> **Task description**
Leave every picture out, and retype all the remaining records exactly.

> **Data shown**
──────────

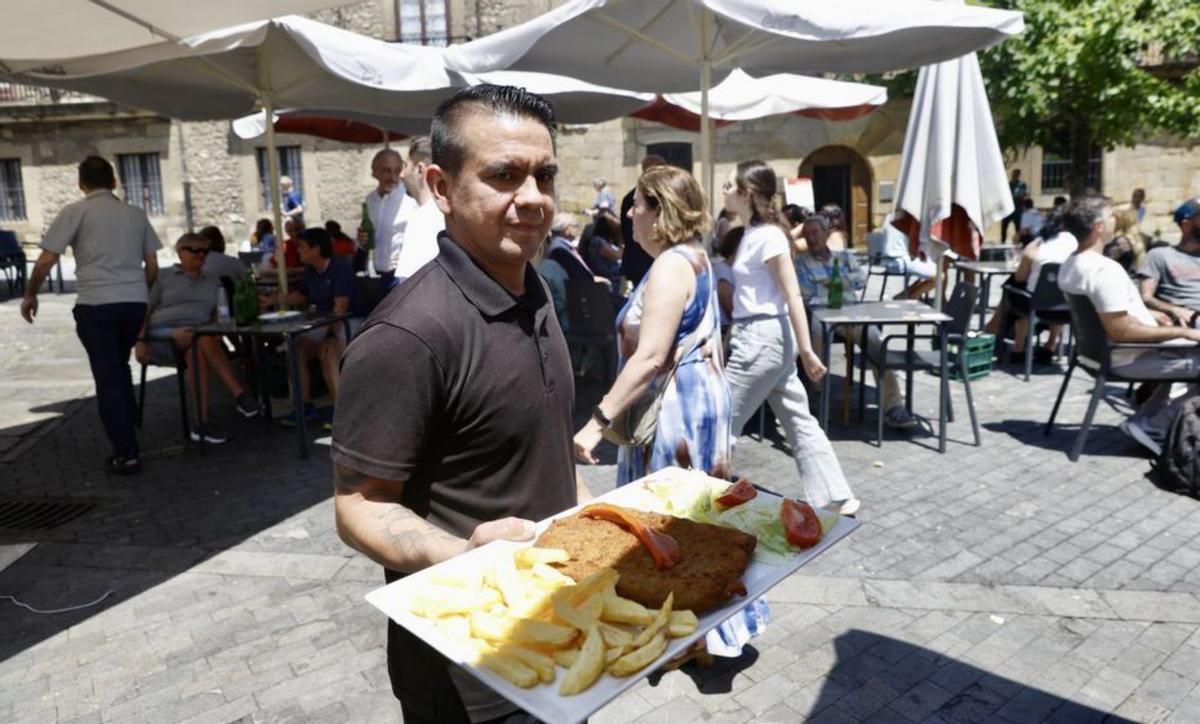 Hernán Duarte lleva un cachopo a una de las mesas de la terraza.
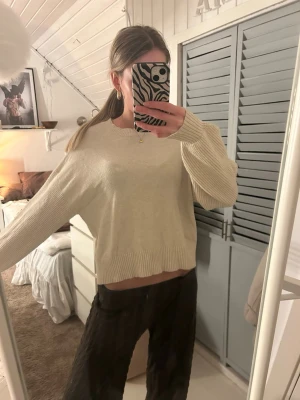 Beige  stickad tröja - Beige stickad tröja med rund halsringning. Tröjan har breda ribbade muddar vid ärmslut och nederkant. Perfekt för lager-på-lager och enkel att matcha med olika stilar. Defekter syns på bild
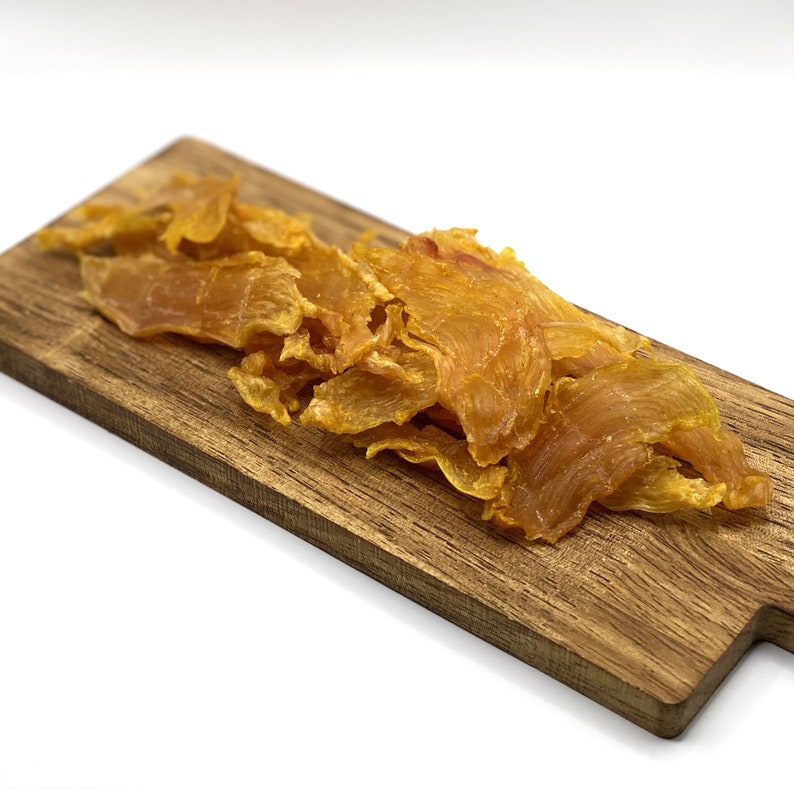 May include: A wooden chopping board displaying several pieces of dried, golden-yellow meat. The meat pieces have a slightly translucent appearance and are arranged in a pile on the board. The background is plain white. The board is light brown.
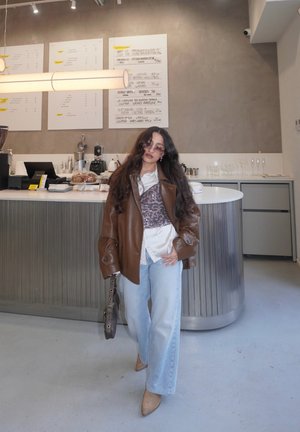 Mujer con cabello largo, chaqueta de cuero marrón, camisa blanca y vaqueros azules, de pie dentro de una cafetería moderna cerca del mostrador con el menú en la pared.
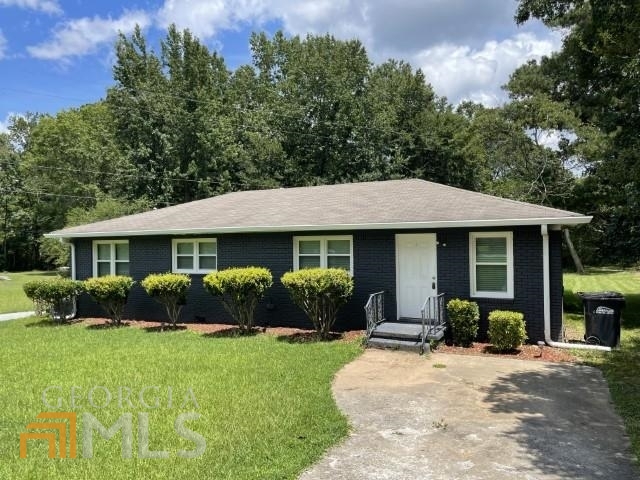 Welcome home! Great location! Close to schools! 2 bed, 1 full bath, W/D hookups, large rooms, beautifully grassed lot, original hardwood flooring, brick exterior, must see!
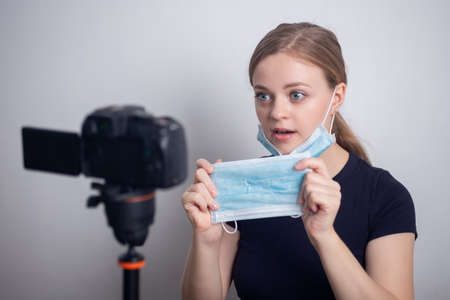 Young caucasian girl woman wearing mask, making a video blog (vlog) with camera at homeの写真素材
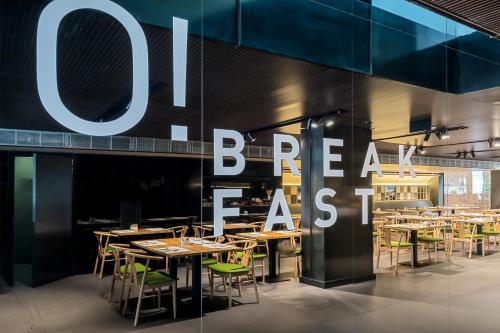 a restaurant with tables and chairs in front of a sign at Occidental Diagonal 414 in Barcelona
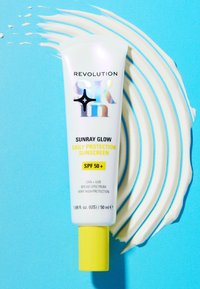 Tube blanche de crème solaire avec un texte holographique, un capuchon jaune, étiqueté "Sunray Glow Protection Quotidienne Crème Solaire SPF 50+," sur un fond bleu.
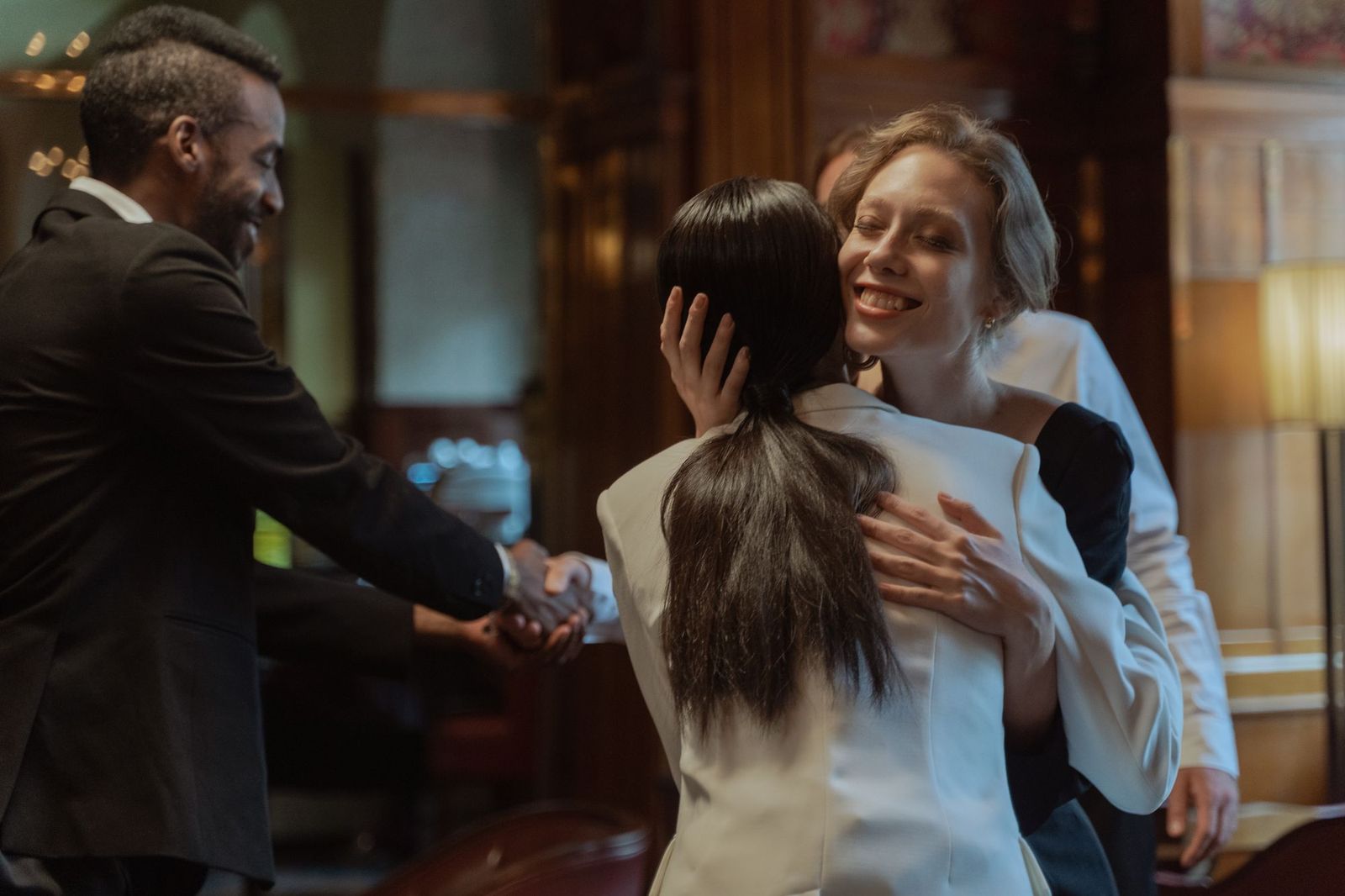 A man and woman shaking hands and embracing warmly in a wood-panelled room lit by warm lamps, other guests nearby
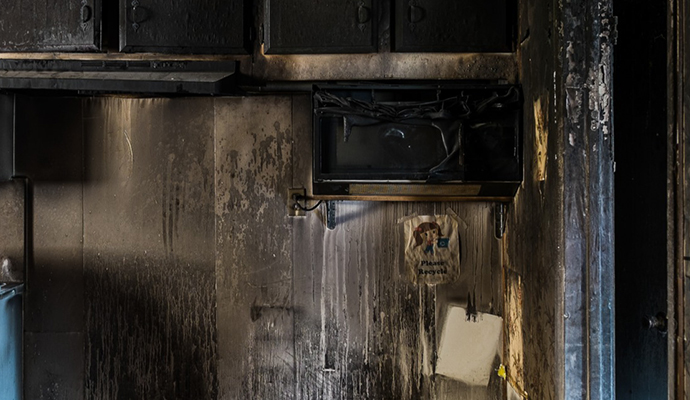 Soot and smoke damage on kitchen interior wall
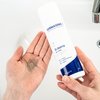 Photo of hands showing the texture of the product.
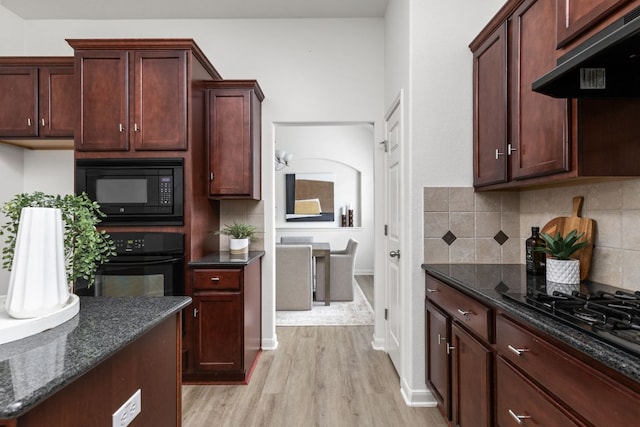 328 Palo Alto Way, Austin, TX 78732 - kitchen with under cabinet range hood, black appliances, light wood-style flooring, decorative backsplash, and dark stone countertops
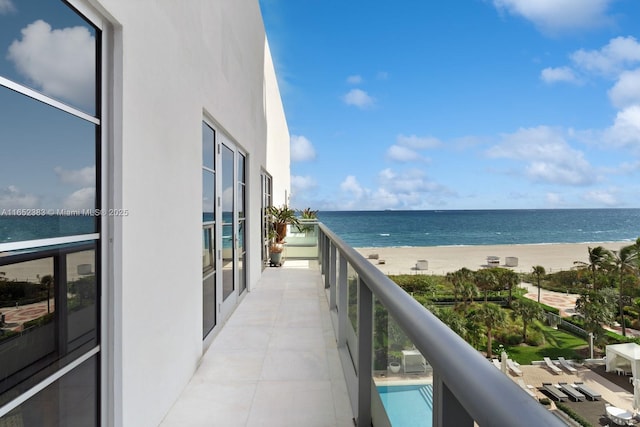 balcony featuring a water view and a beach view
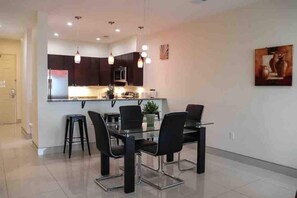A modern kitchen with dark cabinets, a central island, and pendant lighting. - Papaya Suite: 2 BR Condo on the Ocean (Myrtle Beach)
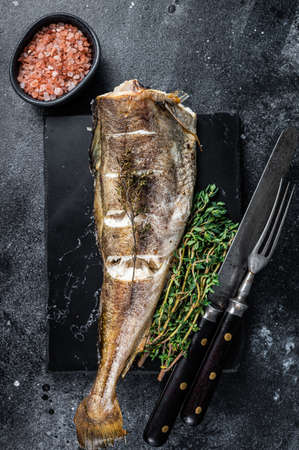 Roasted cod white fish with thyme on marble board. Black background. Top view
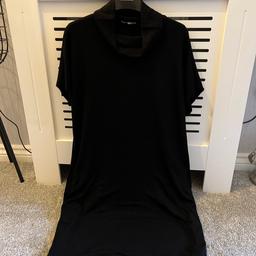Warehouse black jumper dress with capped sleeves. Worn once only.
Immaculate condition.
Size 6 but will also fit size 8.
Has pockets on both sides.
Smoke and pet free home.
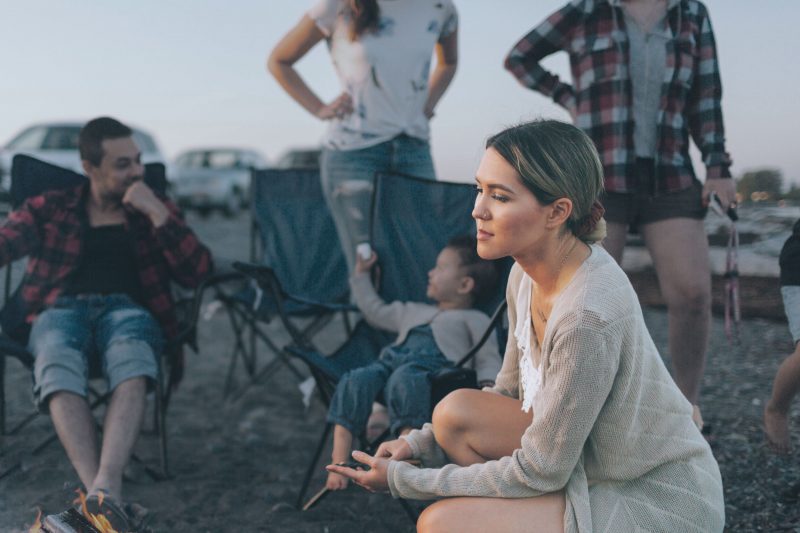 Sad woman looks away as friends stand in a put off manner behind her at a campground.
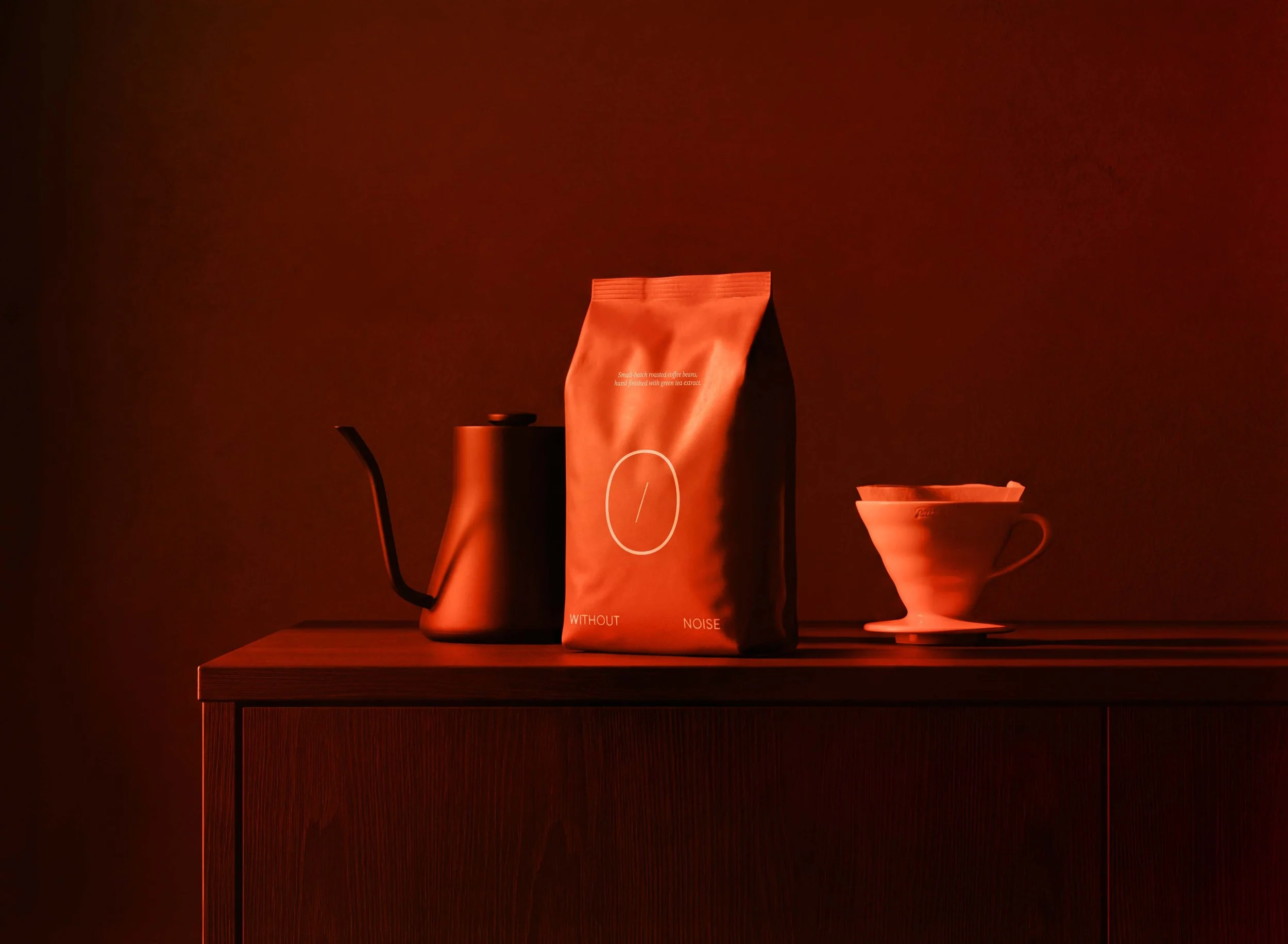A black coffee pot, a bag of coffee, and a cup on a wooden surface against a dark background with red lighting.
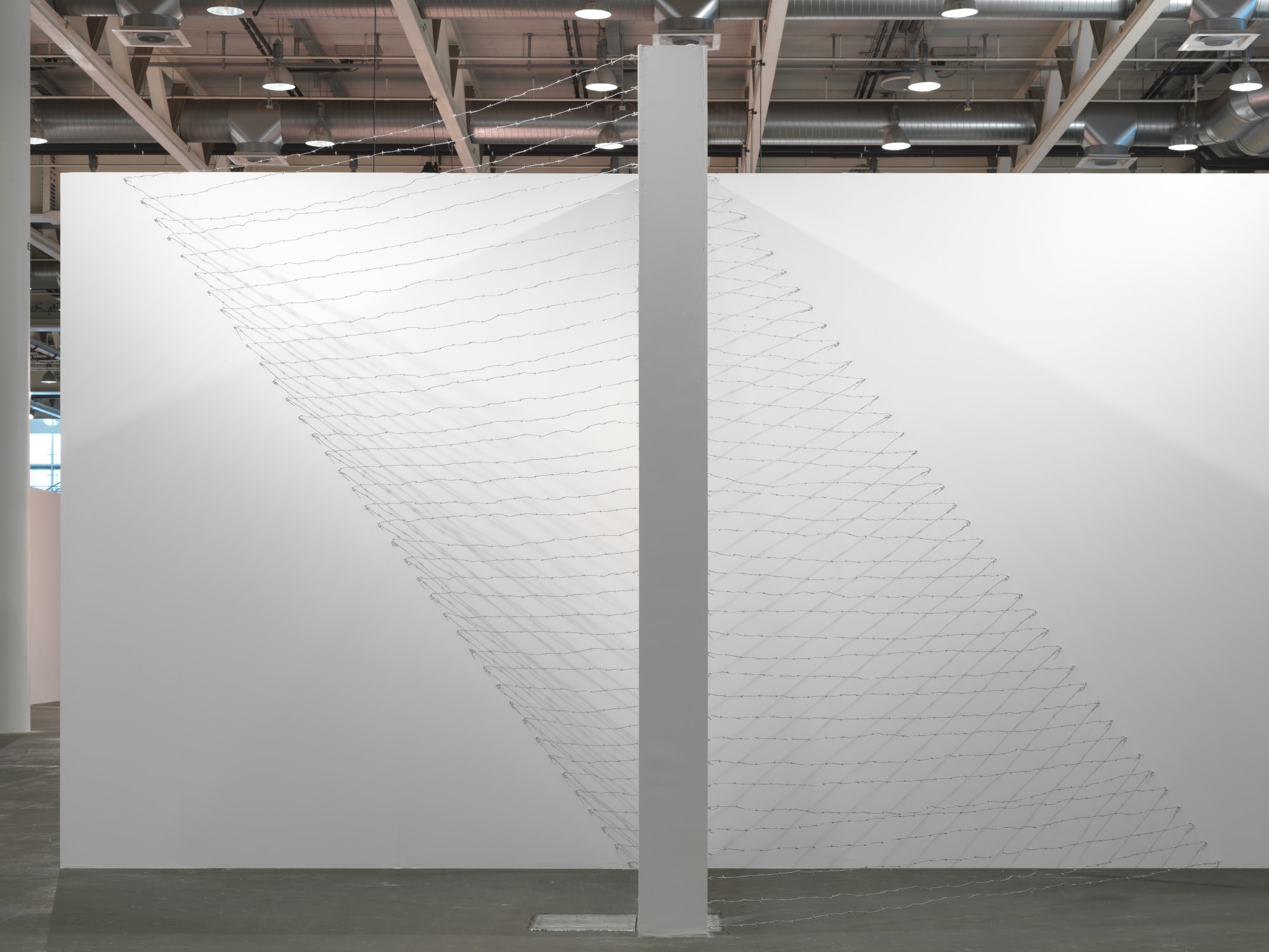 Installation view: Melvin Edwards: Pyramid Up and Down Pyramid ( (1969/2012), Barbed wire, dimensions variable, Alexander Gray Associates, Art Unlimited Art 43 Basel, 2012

──────────

> **Response below**
 Hernán Duarte lleva un cachopo a una de las mesas de la terraza.
 Beige  stickad tröja - Beige stickad tröja med rund halsringning. Tröjan har breda ribbade muddar vid ärmslut och nederkant. Perfekt för lager-på-lager och enkel att matcha med olika stilar. Defekter syns på bild
 May include: A wooden chopping board displaying several pieces of dried, golden-yellow meat. The meat pieces have a slightly translucent appearance and are arranged in a pile on the board. The background is plain white. The board is light brown.
 Mujer con cabello largo, chaqueta de cuero marrón, camisa blanca y vaqueros azules, de pie dentro de una cafetería moderna cerca del mostrador con el menú en la pared.
 Welcome home! Great location! Close to schools! 2 bed, 1 full bath, W/D hookups, large rooms, beautifully grassed lot, original hardwood flooring, brick exterior, must see!
 Young caucasian girl woman wearing mask, making a video blog (vlog) with camera at homeの写真素材
 a restaurant with tables and chairs in front of a sign at Occidental Diagonal 414 in Barcelona
 Tube blanche de crème solaire avec un texte holographique, un capuchon jaune, étiqueté "Sunray Glow Protection Quotidienne Crème Solaire SPF 50+," sur un fond bleu.
 A man and woman shaking hands and embracing warmly in a wood-panelled room lit by warm lamps, other guests nearby
 Soot and smoke damage on kitchen interior wall
 Photo of hands showing the texture of the product.
 328 Palo Alto Way, Austin, TX 78732 - kitchen with under cabinet range hood, black appliances, light wood-style flooring, decorative backsplash, and dark stone countertops
 balcony featuring a water view and a beach view
A modern kitchen with dark cabinets, a central island, and pendant lighting. - Papaya Suite: 2 BR Condo on the Ocean (Myrtle Beach)
 Roasted cod white fish with thyme on marble board. Black background. Top view
Warehouse black jumper dress with capped sleeves. Worn once only.
Immaculate condition.
Size 6 but will also fit size 8.
Has pockets on both sides.
Smoke and pet free home.
 Sad woman looks away as friends stand in a put off manner behind her at a campground.
A black coffee pot, a bag of coffee, and a cup on a wooden surface against a dark background with red lighting.
 Installation view: Melvin Edwards: Pyramid Up and Down Pyramid ( (1969/2012), Barbed wire, dimensions variable, Alexander Gray Associates, Art Unlimited Art 43 Basel, 2012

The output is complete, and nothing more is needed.